Eleven people received arrest warrants in February for their alleged involvement in an occupation of an empty Wells Fargo building on River Street last fall.
On April 25, Judge Paul Burdick ruled there was not enough evidence to bring four of the arrested to trial. But the Santa Cruz District Attorney’s office — referred to as “the People” in court — is still prosecuting the remaining seven.
Five of those on trial are journalists, while the other two are media spokespeople for the occupation. The charges they face include felony conspiracy to vandalize and vandalism charges, as well as two misdemeanor counts of trespassing.
If the remaining defendants go to trial, their cases could set a precedent in local law enforcement that might make it difficult for future unsanctioned events like Occupy Santa Cruz to be documented by alternative news outlets.
“People are really being put under a blanket of fear, and it becomes difficult to report clearly what actually happened,” said Robert Norse, a longtime Santa Cruz activist and one of the independent journalists facing charges.
On Nov. 30 of last year, a group in solidarity with Occupy Santa Cruz took over the vacant Wells Fargo building at 75 River Street with the intent to repurpose the building into a community center. Police posted signs on Dec. 2 warning the protesters they were trespassing and had to leave. On Dec. 3, the protesters were gone.

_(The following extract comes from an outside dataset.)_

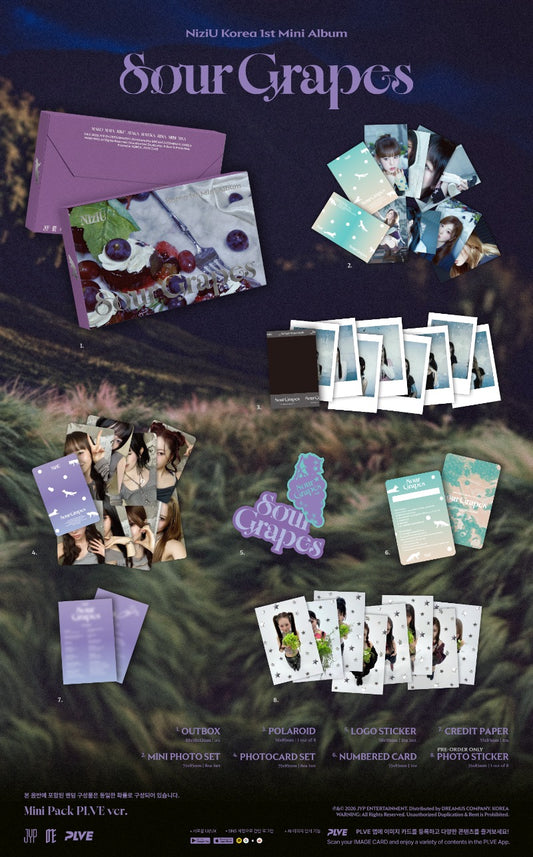 PRE-ORDER: NiziU Korea 1st Mini Album - Sour Grapes (Mini Pack PLVE Ver.)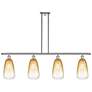 Ballston Brookhaven Almond 48"W 4-Lt Polish Nickel Island w/ Amber Shade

The accused journalists work for alternative news sources such as Indybay and Free Radio Santa Cruz and argue that they were covering the occupation as a newsworthy event.
The event was covered by other larger local news sources — such as the Santa Cruz Sentinel — but no reporters from these publications face charges.
The DA is primarily relying on police testimony and the arrested photojournalists’ work to demonstrate that the accused entered and remained in the building illegally.
Prosecuting attorney Rebekah Young will have to prove that the defendants continuously occupied the building even after being told by police officers that they were breaking the law and to disperse. In addition, the prosecution has yet to offer substantial evidence of premeditation, crucial to charging an individual with conspiracy.
“It just wasn’t a situation where people were thinking they were really even doing anything wrong. It’s very possible that a lot of people showed up and had no idea what that building was,” said Bradley Allen, an Indybay photojournalist and one of the accused.
Allen said he is not a part of Occupy Santa Cruz, was covering the event in a professional context as he has covered similar events, and did not see or hear any announcements that people were trespassing.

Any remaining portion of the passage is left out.